How many passports does the Atlys Passport Index rank?
The Atlys Passport Index ranks 147 passports by mobility score. You can find your passport, study the others, and compare up to several passports side by side at atlys.com/passport.
Does a strong visa make up for a weaker passport?
To a meaningful extent, yes. A multiple-entry visa from a major country (US, UK, Schengen, Canada, Australia, Japan) can unlock visa-free or simplified entry to a long list of secondary destinations, regardless of your passport's base ranking. This is one of the most practical ways to expand your travel access. Check what your visas unlock on the Atlys Passport Index.

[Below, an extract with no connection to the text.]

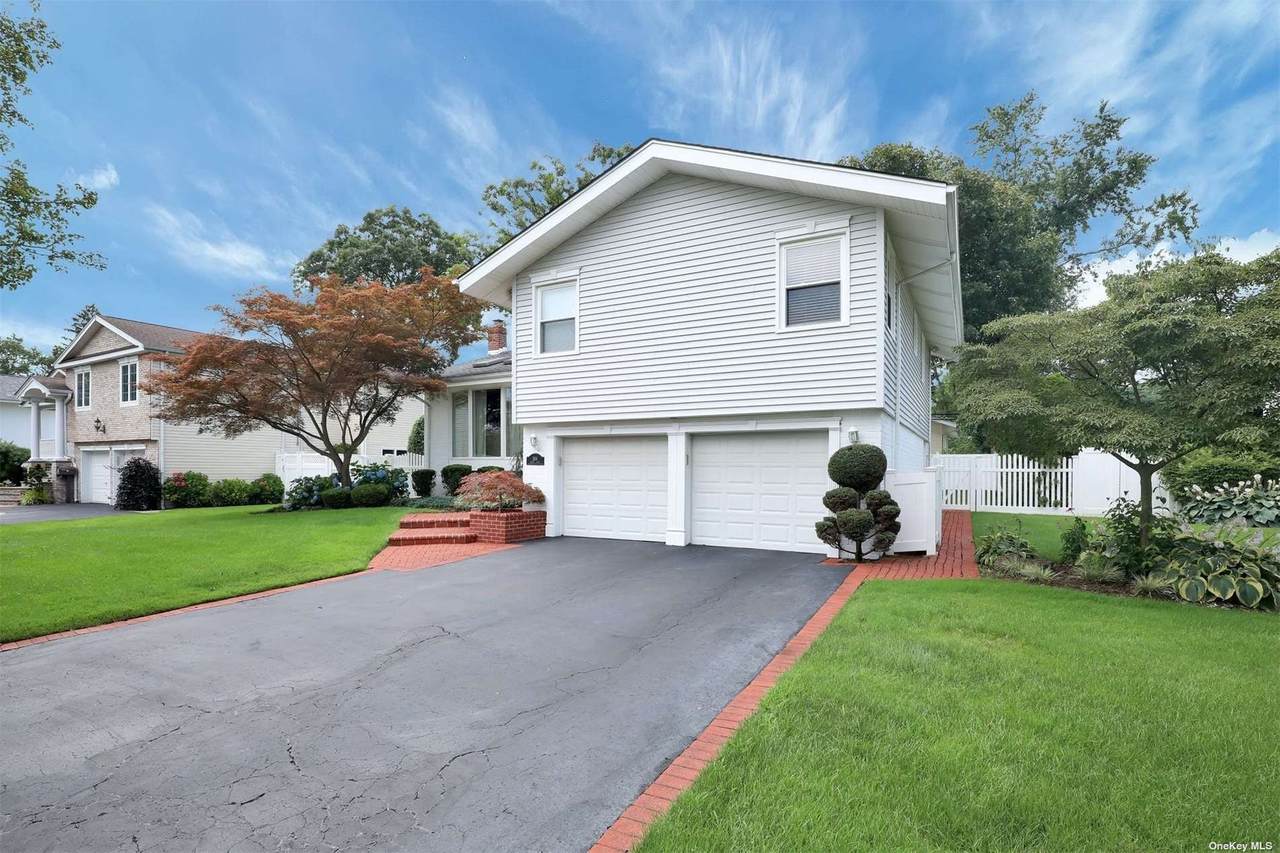 204 Forest Drive - Photo 1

Is the Atlys Passport Index free to use?
Yes, the Atlys Passport Index is completely free. You can check your passport's rank, view your full visa-free access list, and compare passports without any charge at atlys.com/passport.
What entry requirements still apply with visa-free access?
Even with visa-free access, you must still meet standard entry requirements, typically a passport valid for the required period, proof of onward or return travel, sufficient funds for your stay, and accommodation details. Visa-free removes the visa application, not the basic conditions of entry, and the final decision always rests with the immigration officer at the border.
How often is the Atlys Passport Index updated?
The Atlys Passport Index is updated to reflect current visa policies and agreements, so the rankings and access lists you see are based on present-day rules rather than outdated information. Visa policies change frequently, so it's always worth checking before you book.